Assigned task - From the first line to the last, restate the data exactly, leaving out the images.
##### Dataset excerpt
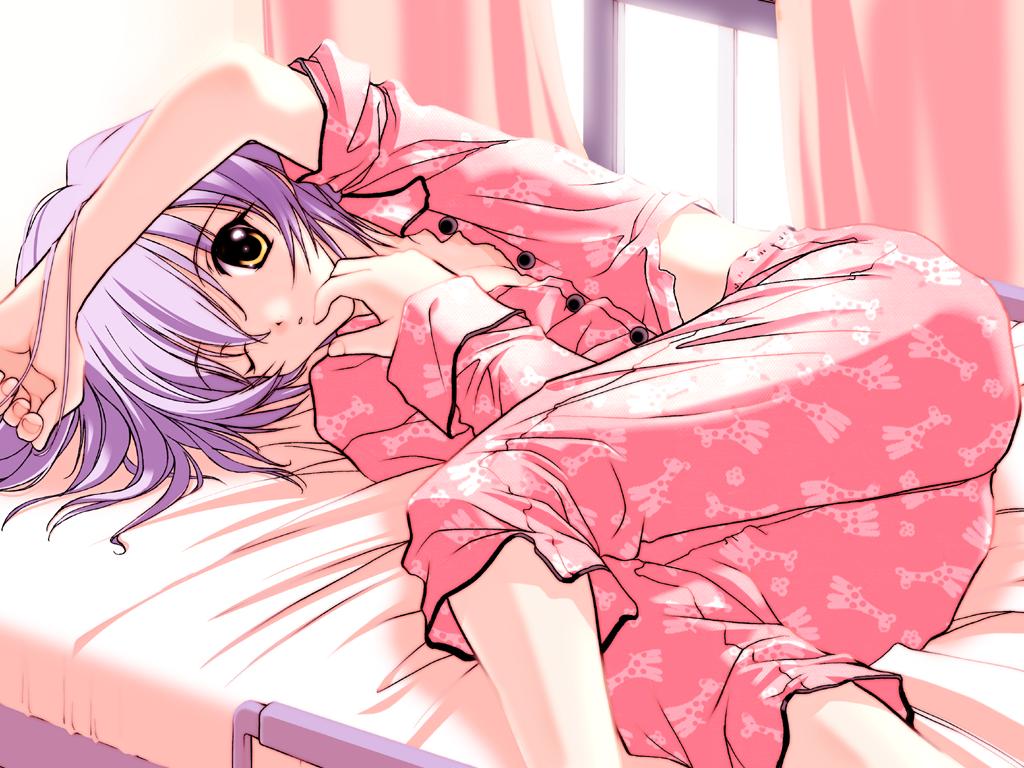 Anime girls wallpaper page 9 full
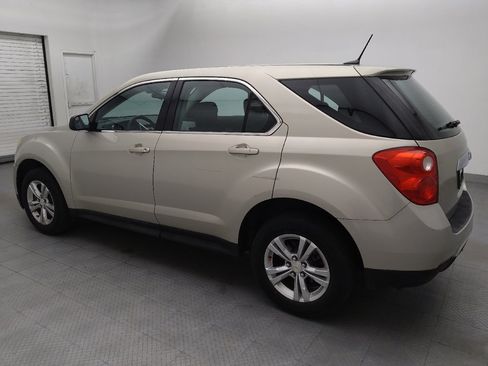 Used 2014 Chevrolet Equinox LS FWD image 3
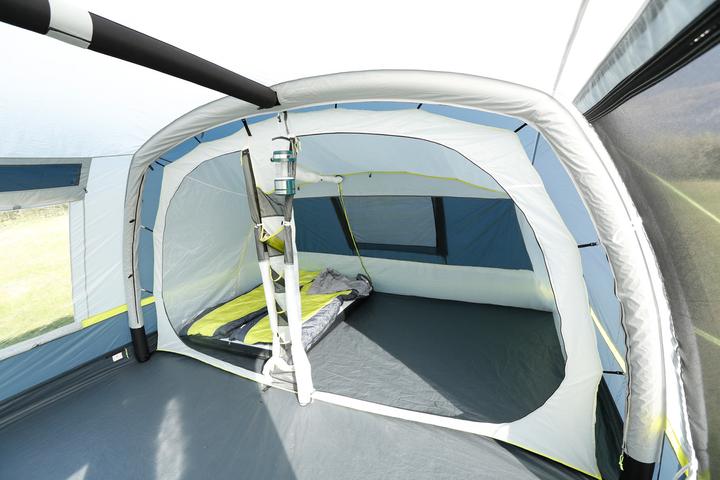 Produktbild Brunner Paraiso 5/6 (Tunnelzelt, 24.80 kg, 5 Personen)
##########
Result for this exercise -
 Anime girls wallpaper page 9 full
 Used 2014 Chevrolet Equinox LS FWD image 3
 Produktbild Brunner Paraiso 5/6 (Tunnelzelt, 24.80 kg, 5 Personen)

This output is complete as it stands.